The galloping popularity of set-top boxes that can bring pirated copy direct to the main TV set is threatening to broaden the audience of pirated content to all age groups, Smith said. “It has taken the piracy of the teenagers’ bedrooms into the family living room – it has normalized piracy.”
This normalization of piracy is driving demand for illegal content that the pirates are feeding. “There’s less stigma about piracy now,” said Chris Anderson, head of TV and film at anti-piracy tech firm Muso. “People are happy to say they have a Kody box and are watching on Popcorn Time. The audience is less afraid to use these delivery methods.”
Industry groups say that proportionally the independents spend as much as the studios on security, or if they don’t, it is not a lack of will but a lack of means.
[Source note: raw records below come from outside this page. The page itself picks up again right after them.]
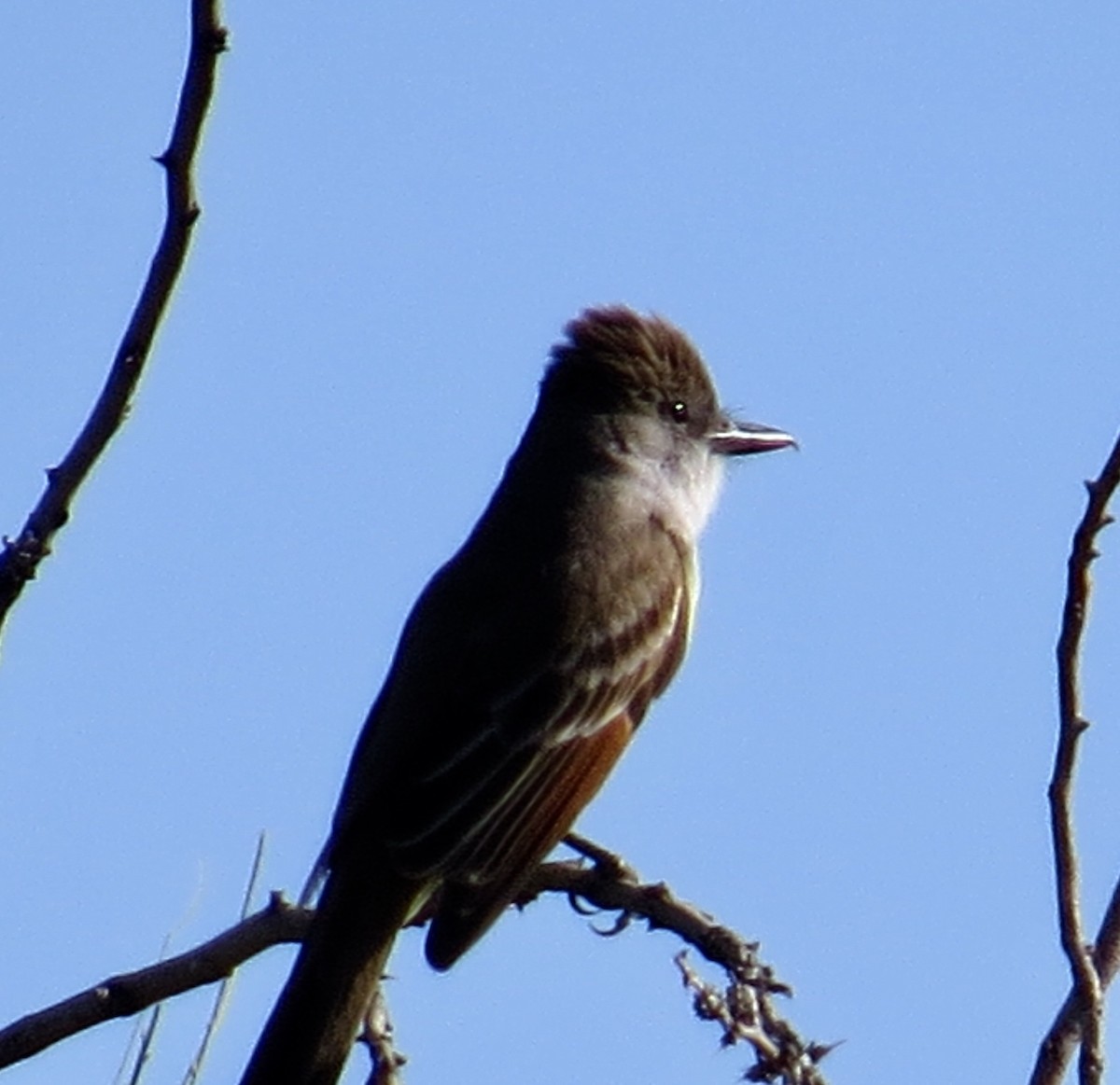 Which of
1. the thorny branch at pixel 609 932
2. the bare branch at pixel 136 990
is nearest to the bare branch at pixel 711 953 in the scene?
the thorny branch at pixel 609 932

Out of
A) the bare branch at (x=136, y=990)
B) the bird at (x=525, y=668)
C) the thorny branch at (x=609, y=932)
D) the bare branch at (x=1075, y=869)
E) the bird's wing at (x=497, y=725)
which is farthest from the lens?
the bird's wing at (x=497, y=725)

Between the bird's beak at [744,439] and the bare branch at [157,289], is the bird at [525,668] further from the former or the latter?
the bare branch at [157,289]

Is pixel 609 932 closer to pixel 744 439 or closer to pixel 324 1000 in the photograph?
pixel 324 1000

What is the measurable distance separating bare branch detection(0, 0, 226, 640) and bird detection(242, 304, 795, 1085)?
1794mm

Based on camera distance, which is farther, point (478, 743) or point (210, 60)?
point (478, 743)

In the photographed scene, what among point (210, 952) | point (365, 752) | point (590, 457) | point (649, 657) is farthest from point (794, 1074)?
point (590, 457)

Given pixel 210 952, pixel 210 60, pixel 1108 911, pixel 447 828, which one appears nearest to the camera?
pixel 210 60

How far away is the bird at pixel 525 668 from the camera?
497 centimetres

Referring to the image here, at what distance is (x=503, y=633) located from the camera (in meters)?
5.73

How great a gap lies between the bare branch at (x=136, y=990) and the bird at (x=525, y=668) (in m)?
0.47

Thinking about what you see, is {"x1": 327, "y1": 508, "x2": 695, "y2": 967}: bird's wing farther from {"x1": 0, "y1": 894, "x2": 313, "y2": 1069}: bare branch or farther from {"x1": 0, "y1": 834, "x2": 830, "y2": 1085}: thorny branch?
{"x1": 0, "y1": 894, "x2": 313, "y2": 1069}: bare branch

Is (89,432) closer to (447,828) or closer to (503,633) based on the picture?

Others maintain that they haven’t made the same efforts as the majors.
“They have never spent the same amounts of time or money on the issue,” said Ashok Amritraj, chairman and CEO of Hyde Park Entertainment. “One of the few advantages [the independents] have is that neither they nor the hackers know which movies on their slates are going to be worth hacking.”
It is, however, more complex than throwing money at the problem, said Alexander Vandeputte, CEO of distributor Lumiere, which is based in Belgium and where there are high levels of piracy. “Every type of movie needs protecting in a different way,” he said. “You protect a Disney movie in a different way to a new independent film. That doesn’t mean there is less protection.”
Precautions involve monitoring promos, encrypting digital packages and securing Vimeo and other screening sites, but a lack of clarity over who is responsible among the independents is hampering efforts to safeguard titles, a source said. “Everyone knows anti-piracy measures need to be put in place but no one wants to take responsibility,” said the independent expert. “The distributors and sales agents both say it is down to the other one.”
Holding a film for ransom is an unwelcome new phenomenon, but pre-release leaks are not. Despite efforts to place protections on online screening systems and screeners it remains a problem.
“Finance is tied to pre-sales, which are based on the promise of exclusivity,” Prewitt said. “When that promise blows up the buyers are still obliged to pay, but may not know how to, and the producer has used that promise as collateral and still has to pay the bank.”
Damaging the whole infrastructure that underpins independent film is the risk. “If there is no legitimate market and the buyers can’t get paid they might not be around to bid on your film next time,” Prewitt said. “Look at Spain, a lot of the distribution infrastructure has disappeared.”
Muso will unveil new research into piracy at an industry gathering organized by Europa Distribution, a body representing indie distributors in Europe, in July.
“In some countries piracy is seen as cool and in others the VOD market has yet to grow,” said Christine Eloy, general manager of Europa Distribution. “Most films are available in theaters, on DVD or on VOD and some people are too lazy to find them. Or they don’t want to pay; they think they have spent money on an iPad, why pay for a film to watch on it?”
The advocacy groups point to Germany, with its super strict anti-piracy rules, as proof that stealing content happens on a smaller scale when there are tough penalties in place. Google, meanwhile, takes some flak for apparently not extending its Google Content ID program to smaller players.